ASSIGNED TASK: Write out the listing, please, but only from its first line through the line containing "other-1|ID: prp329100004032484 ipo3291000000026799135", exactly as given and without pictures.

MATERIAL FOR THIS EXERCISE:

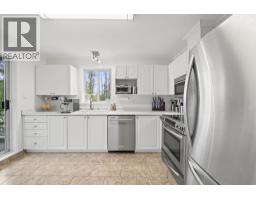217 2551 Parview Lane, Port Coquitlam, BC V3C6J8 Photo 15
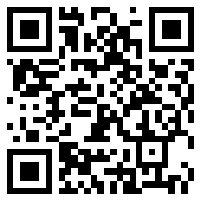 QR Code for 1HopqJBJuDArp5shSE7piE24ejoWrwo81H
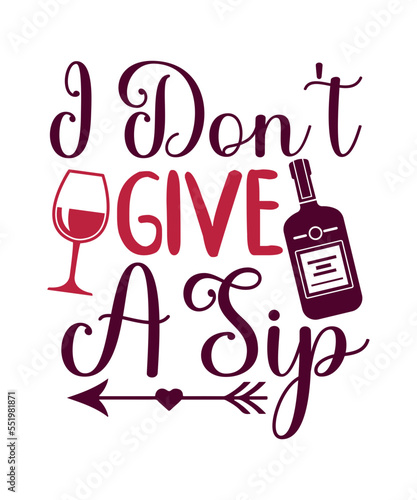 Wine Svg Bundle, Wine Svg, Alcohol Svg Bundle, Wine Glass Svg, Funny Wine Sayings Svg, Wine Quote Svg, Wine Cut Files, Files For Cricut,Wine bundle SVG, Bachelorette shirts svg,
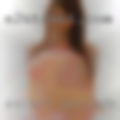 Escort Philadelphia bisexual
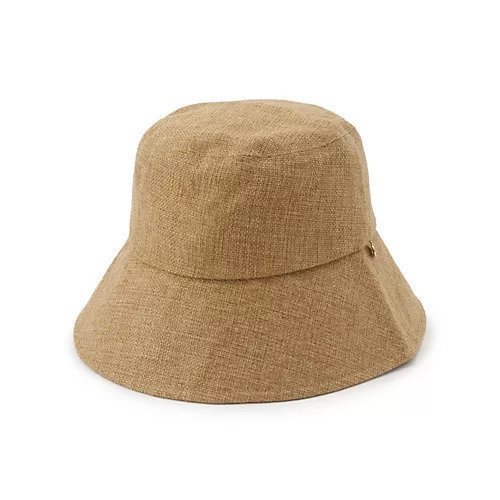 【シューラルー/SHOO LA RUE】のチャーム付雑材シートHAT 人気、トレンドファッション・服の通販 founy(ファニー) 　ファッション　Fashion　レディースファッション　WOMEN　帽子　Hats　スマート　Smart　ダウン　Down　チャーム　Charm　エレガント 上品　Elegant　夏　Summer　 other-1|ID: prp329100004032484 ipo3291000000026799135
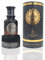 JB Loves Düfte - Roses, Ombre, Nuit Parfüm 100 ml von my perfumes Eau de Parfum für Männer und Frauen Oud Spray Unisex Duft (Ombre)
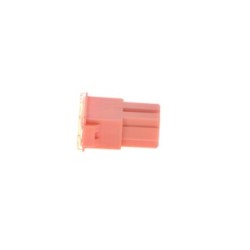 Fuse BOSCH 1987529063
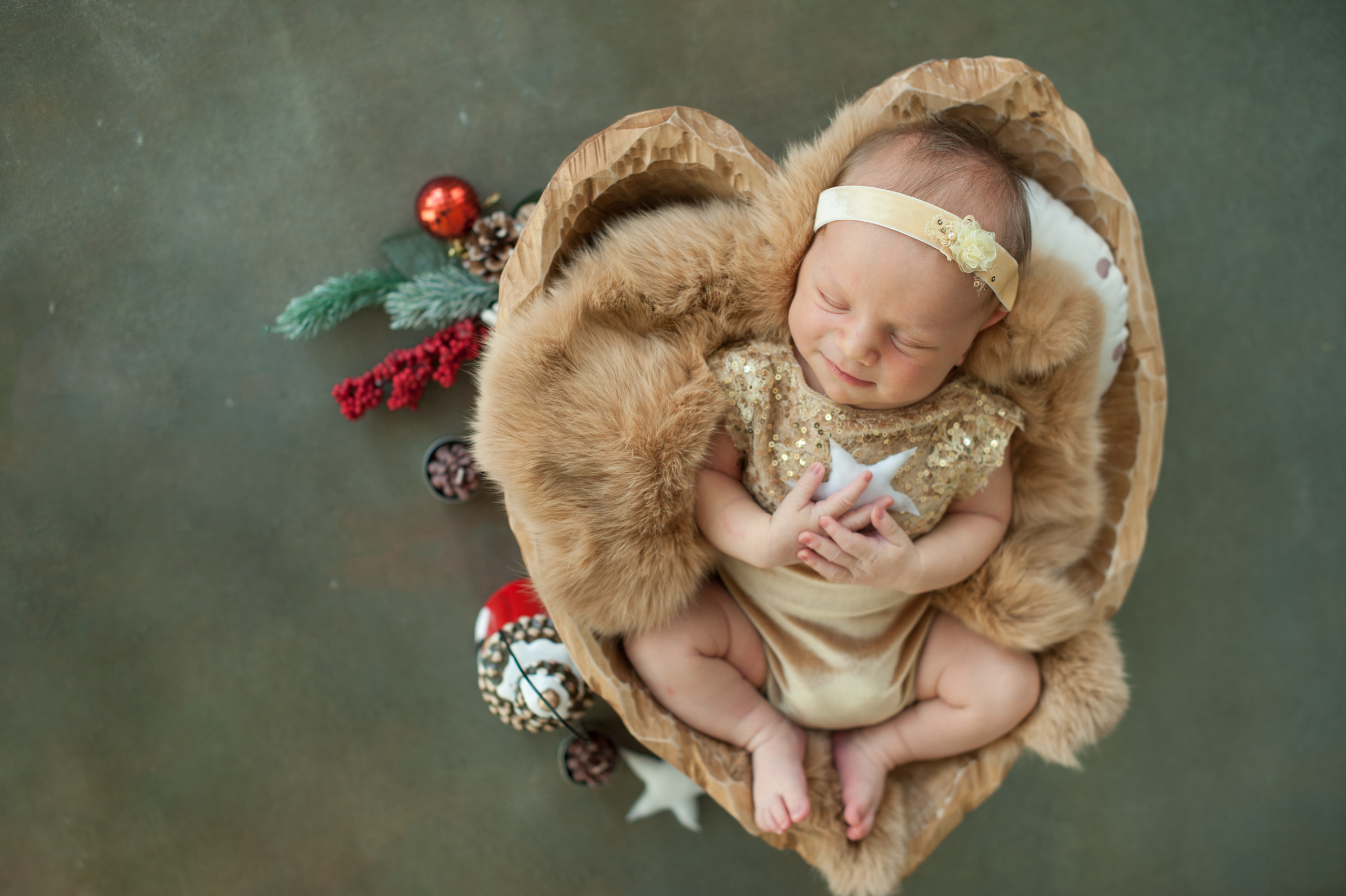 26-11-20 Newborn. Фотограф беременности и детей  Воронеж/Бутурлиновка Ткачева Аня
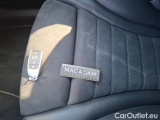  Mercedes  G-Klasee 2.0 GLC 300 DE AMG LINE 4MATIC #16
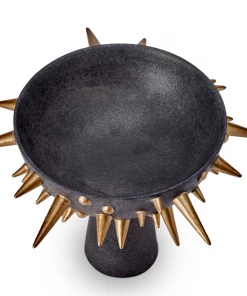 Celestial Bowl On Stand By L'Objet Gifts By Occasion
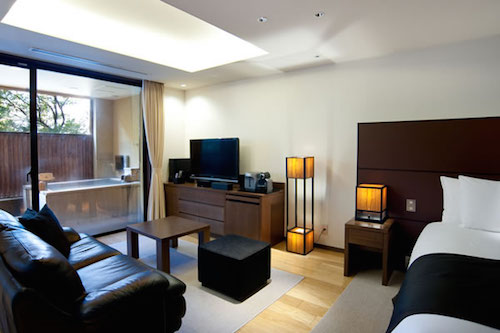 pic_room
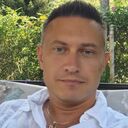 ���������� �����, ���� ������� �����, 36 ���, ������������ ��� ����� � ���������, c�������� ���������, ���������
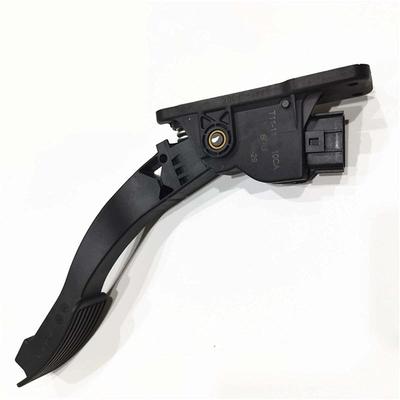 Original T11-1108010ca Electronic Accelerator Pedal For Chery Tiggo High Quality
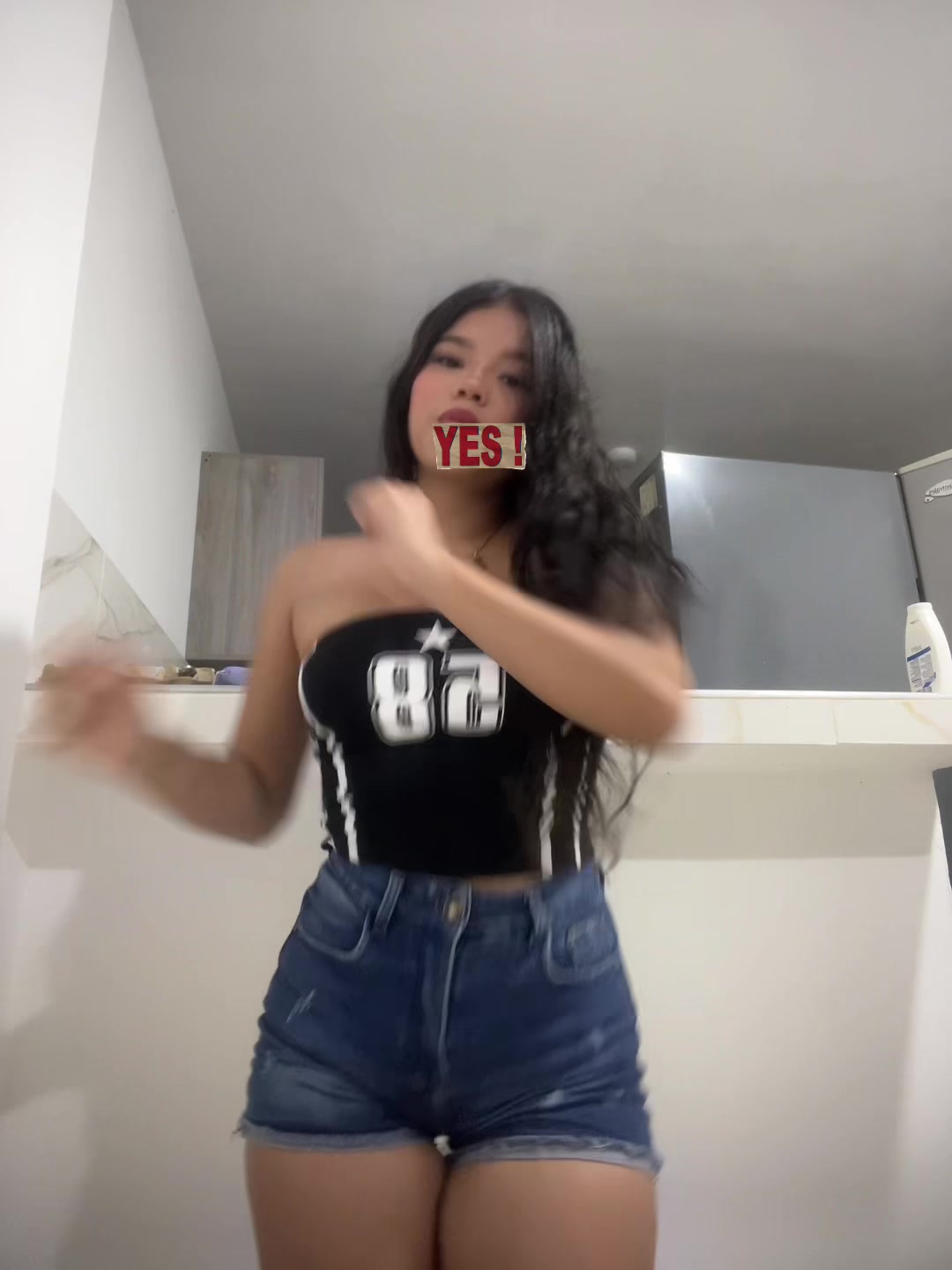 @𝓔𝓼𝓽𝓮𝓯𝓪𝓷𝓲 ֶָ֢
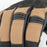 SPEED AND STRENGTH CRUISE MISSILE™MEN'S LEATHER GLOVES 2026 in Tan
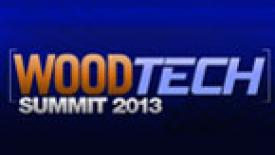 Wood Tech Summit Focuses on Best Practices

EXERCISE ANSWER:
217 2551 Parview Lane, Port Coquitlam, BC V3C6J8 Photo 15
 QR Code for 1HopqJBJuDArp5shSE7piE24ejoWrwo81H
 Wine Svg Bundle, Wine Svg, Alcohol Svg Bundle, Wine Glass Svg, Funny Wine Sayings Svg, Wine Quote Svg, Wine Cut Files, Files For Cricut,Wine bundle SVG, Bachelorette shirts svg,
 Escort Philadelphia bisexual
 【シューラルー/SHOO LA RUE】のチャーム付雑材シートHAT 人気、トレンドファッション・服の通販 founy(ファニー) 　ファッション　Fashion　レディースファッション　WOMEN　帽子　Hats　スマート　Smart　ダウン　Down　チャーム　Charm　エレガント 上品　Elegant　夏　Summer　 other-1|ID: prp329100004032484 ipo3291000000026799135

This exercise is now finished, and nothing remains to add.